If you’re ‘bad’, Anon, an anarchic force for good, will find you
Aug 26, 2010 11:16 PM | By Staff Reporter
Staff Reporter: So the web is dead. It’s the talk of the town, if by “town” we mean Navelgazeville. And we do.
Michael Wolff’s article in Wired magazine (published in an edited form in these pages earlier this week), spells out the shift from an internet characterised as an equal opportunistic and anarchic web to a system of closed and tightly controlled platforms such as Facebook and iTunes.
But it’s not really dead, is it? It’s not even resting. Its fjords barely worth pining for. While closed platforms might be snowballing into the consciousness of the public at large, there remains a healthy glut of websites prospering out there, serving this need, or that. News, banking, shopping – life online hasn’t been entirely boxed and apped just yet.
And if there’s one online activity for which being a registered member of a hypereconomy such as iTunes or Facebook will never be conducive, it is the act of trolling: the ability to comment anonymously on bulletin boards, free from censure, consequence or accountability.
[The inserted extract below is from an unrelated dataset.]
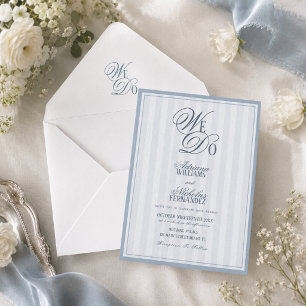 Wir machen elegante staubblaue gestreifte Hochzeit Einladung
Anonymity is the essence of anarchy. It is the devil on democracy’s back. Civilisation’s shadow corollary. And whereas it was once confined to graffiti on the walls of Rome or the back of the lavatory door at a pub in Brixton, with the advent of the internet age, anonymity has been collecting and coalescing online – on news groups, in chat rooms, beneath news stories and on community forums until, in the random /b/ channel of 4chan.org, it transcended its own critical mass to become Anonymous – the demon god of the internet.